2 medium-size ripe tomatoes, quartered and seeded
extra-virgin olive oil, to brush the tomatoes with
3 medium-large zucchini, stemmed and cut in half lengthwise
kosher salt
6 ounces canned tuna
3 Tablespoons store-bought aïoli (or, even better, make allioli), plus more to serve
4 Tablespoons breadcrumbs


Preheat oven to 450ºF.

Arrange tomatoes on greased or lined baking sheet, brush them with olive oil, and bake until soft and beginning to blister, about 25 -30 minutes.

While baking, prepare a large steamer tray over boiling water. Using a melon baller (or he recommended a small knife or grapefruit spoon), scoop out pulp of zucchini and discard or save for later use, leaving sides and bottoms just a bit more than 1/8" thick. Steam the zucchini in the steamer until just softened, 3-4 minutes. (Don't overcook or they start to fall apart.

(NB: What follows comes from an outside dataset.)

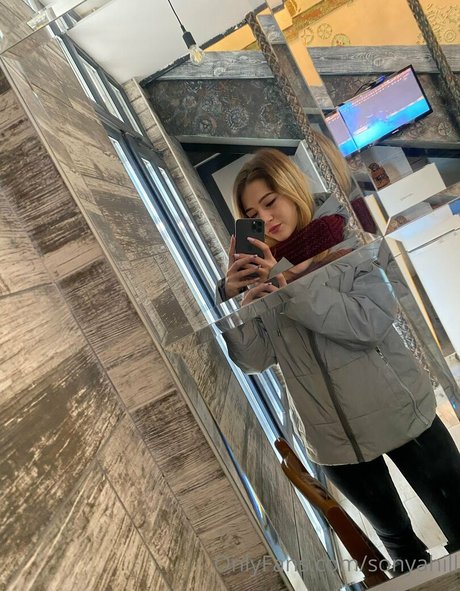Naken lekkede OnlyFans-bilde av Sonyahill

If your zucchinis are smaller, check sooner.) When the zucchini is cool enough to handle, blot dry and sprinkle insides with a little salt.

To make the filling, slide off the skin and chop the tomatoes when they are cook enough to touch. Place tuna, chopped tomatoes, and 2 tablespoons of theaïoli in a mixing bowl and mix. Set zucchini on baking sheet. Fill the zucchini shells with the tuna mixture. Spread the top of each with 1/2 teaspoon of the remaining allioli and sprinkle about 3/4 teaspoon breadcrumbs over each of them.
Bake for about 7 minutes, and then broil for 1-2 minutes or until tops are browned.
Serve hot or let cool; either way is tasty.

Note: It's really easy to overcook the zucchini. It makes them flimsy. I'm almost considering trying it with raw zucchini sometime because the second time I made them I didn't pay nearly enough attention and steamed the zucchini for too long.

Fresh chopped basil is a nice addition to the tuna mixture if you have some around.